Uma alternativa também prevista constitucionalmente prescreve a posse temporária do presidente da Assembleia Nacional, Diosdado Cabello. Neste caso, o Supremo Tribunal de Justiça, com base em uma avaliação médica, decidirá se o presidente eleito está em condições de exercer o mandato. Ou seja, se a ausência de Chávez é apenas temporária. Se permanente, a Constituição prevê que devam ser convocadas novas eleições.
É hoje evidente que a campanha presidencial de Chávez pecou pela falta de transparência quanto a sua saúde. Sua doença não foi algo inesperado como a diverticulite de Tancredo Neves, em 1985, em que ocorreu dúvida semelhante quanto à posse do vice-presidente José Sarney ou do presidente da Câmara dos Deputados, Ulysses Guimarães. Os cubanos já conhecem em detalhes as condições médicas de Hugo Chávez. E, portanto, se o mais provável desenrolar será uma ausência temporária ou permanente.

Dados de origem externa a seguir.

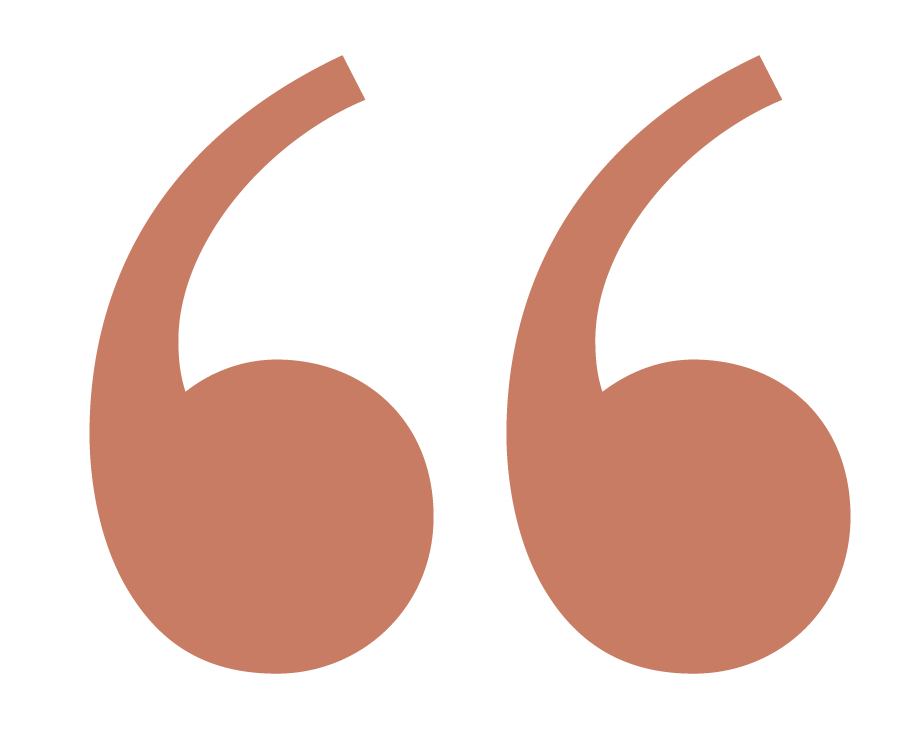 Large brown quotation marks on a black background.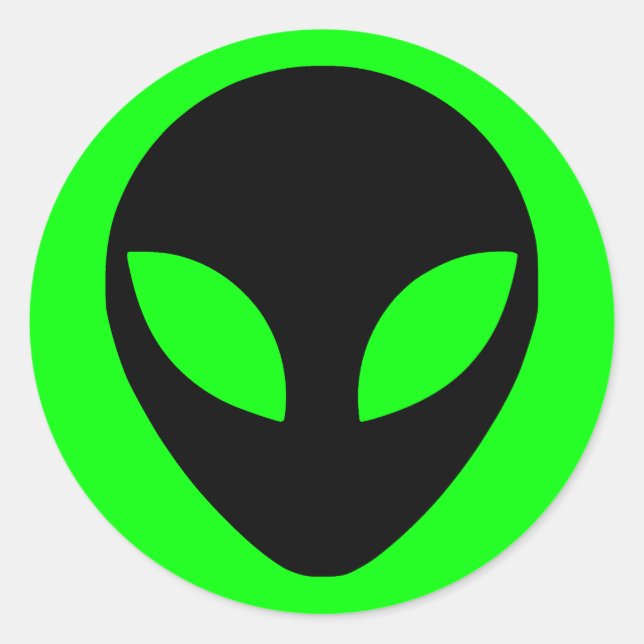 Alien Head Classic Round Sticker (Front)
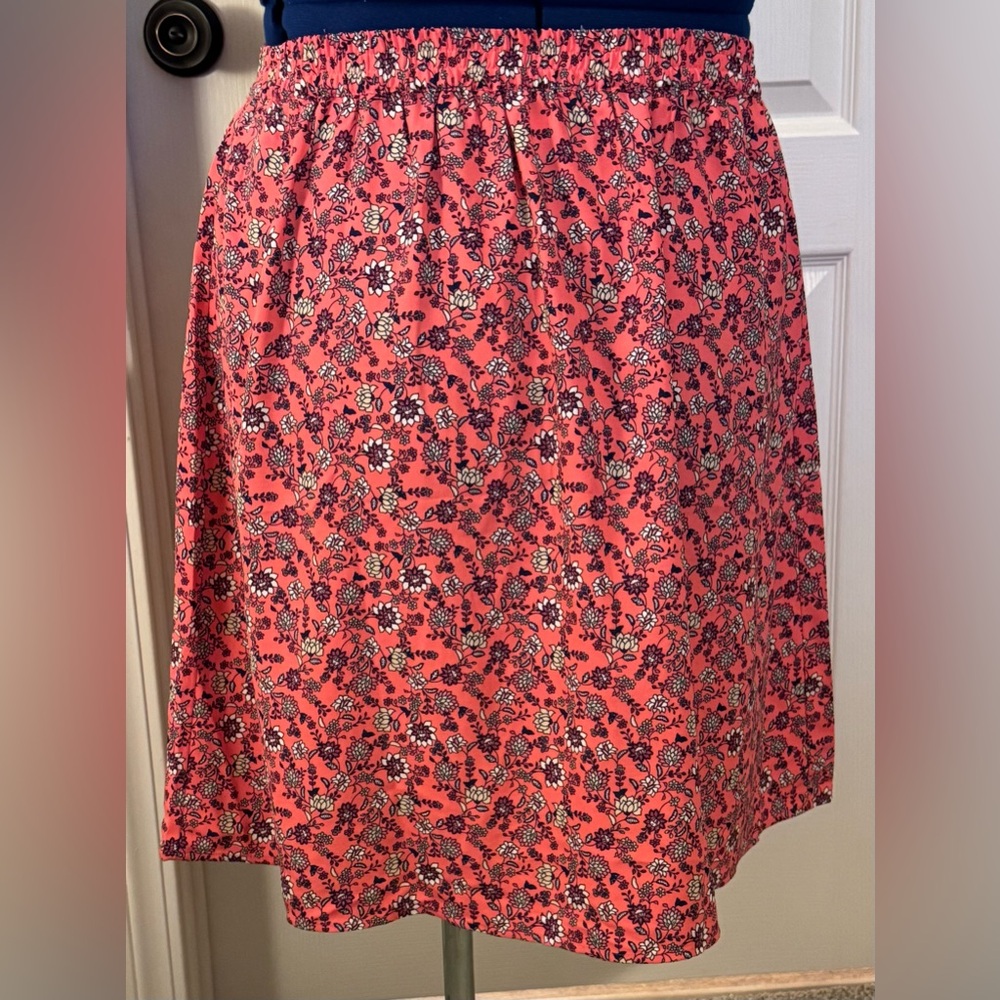 LOFT Outlet Coral Floral A-Line Skirt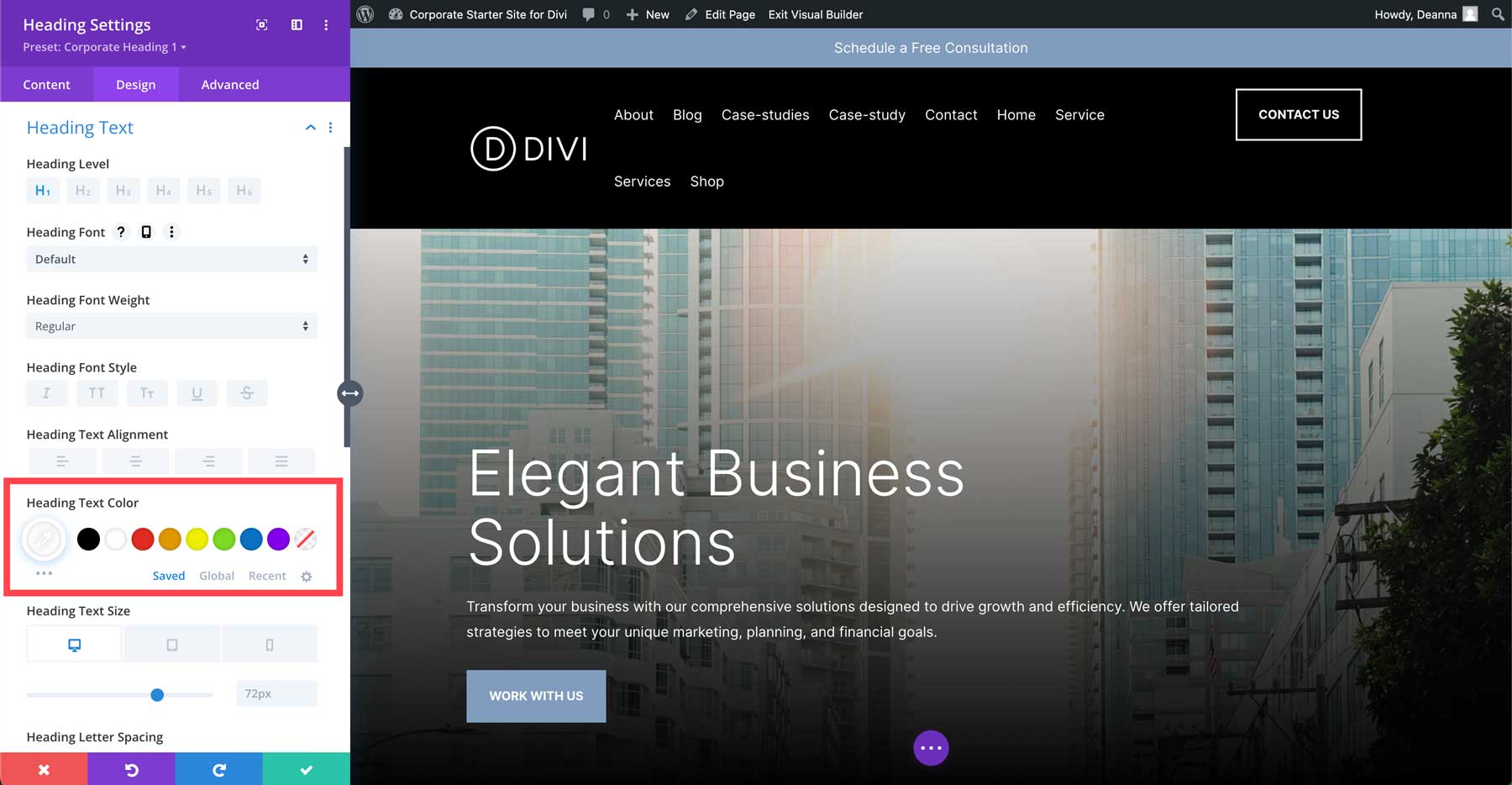 Site inicial corporativo para Divi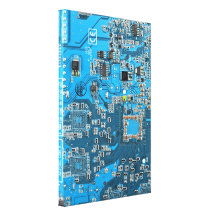 Carte de geek d'ordinateur - bleu impressions sur toile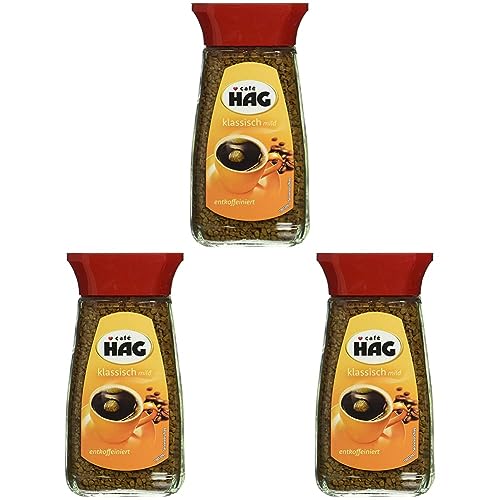 Cafe HAG klassisch mild Glas, entkoffeinierter löslicher Bohnenkaffee, 100g (Packung mit 3) von Cafe Hag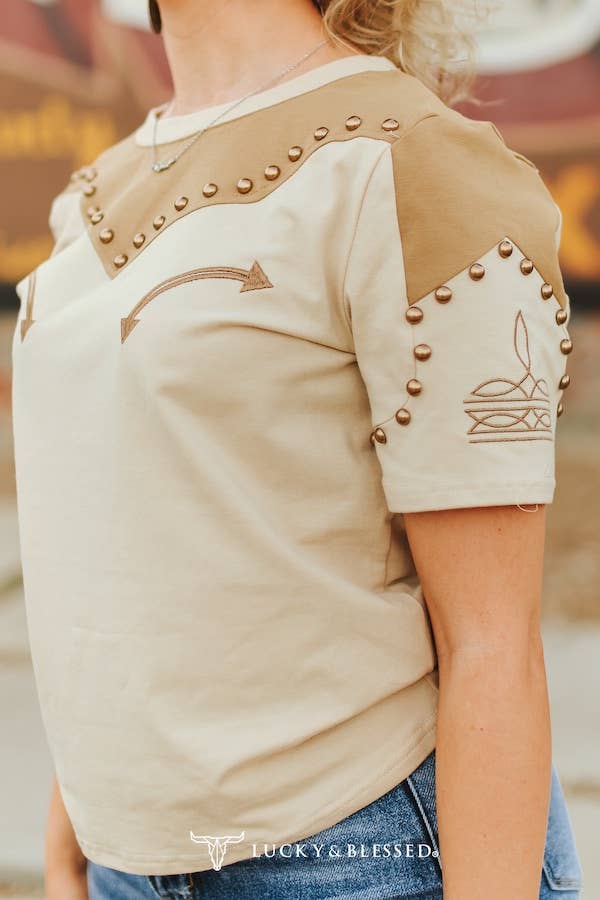 Beige Western Khaki Studded Embroidered Short Sleeve Shirt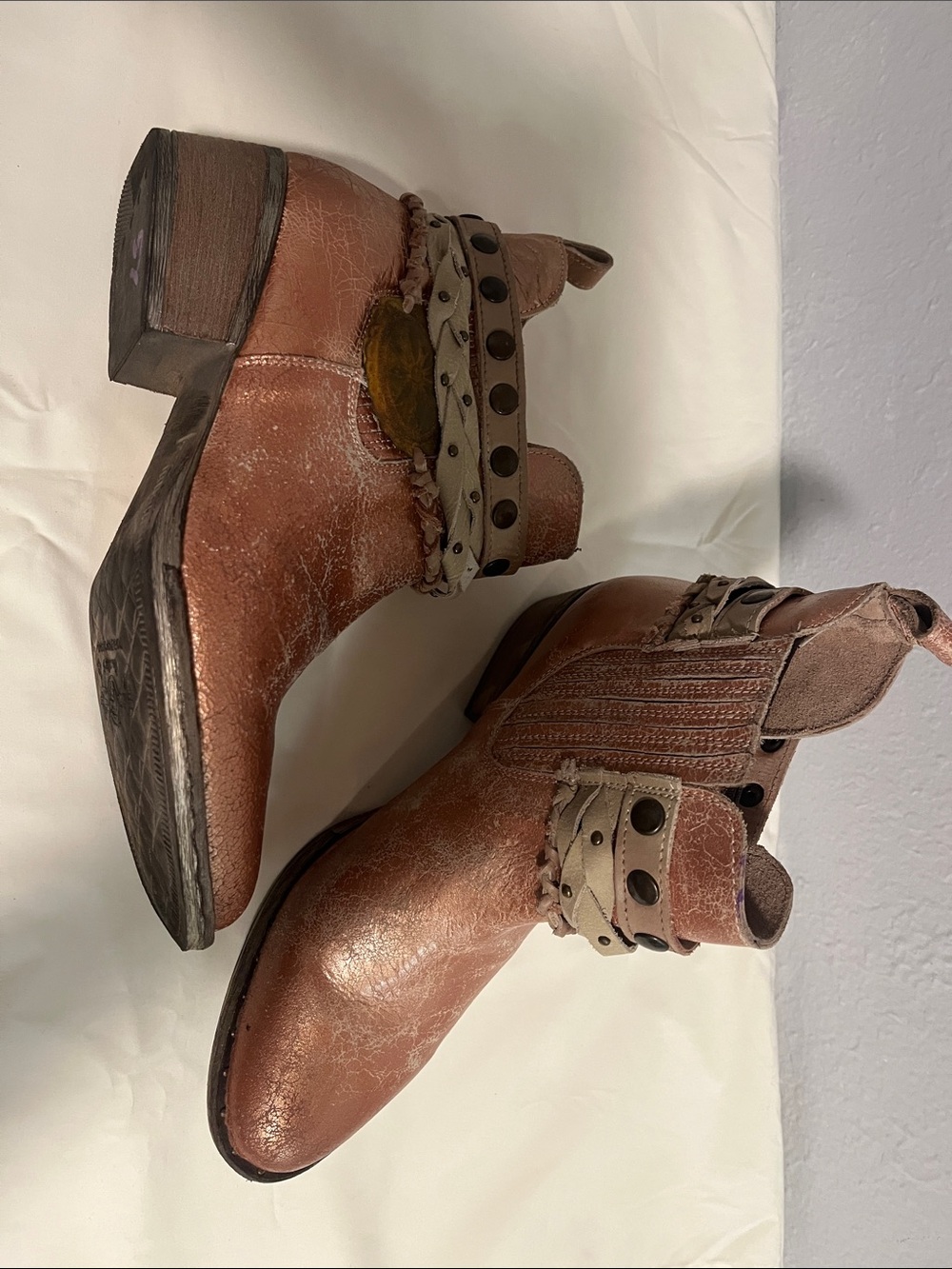 Circle G Metallic Copper-Brown Studded Ankle Booties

O que assusta em todo esse episódio é exatamente a falta de transparência, uma medida do enorme apetite pelo poder. Essa mesma gana pelo poder teria levado o vice-presidente Nicolás Maduro a uma proposta inconstitucional de extensão do atual mandato. Sempre à sombra e em nome de Chávez. Pensei que tudo isso estaria tão distante quando, há alguns anos, refletia perplexo, olhos postos no bem preservado corpo de Lenin no mausoléu da Praça Vermelha em frente ao Kremlin.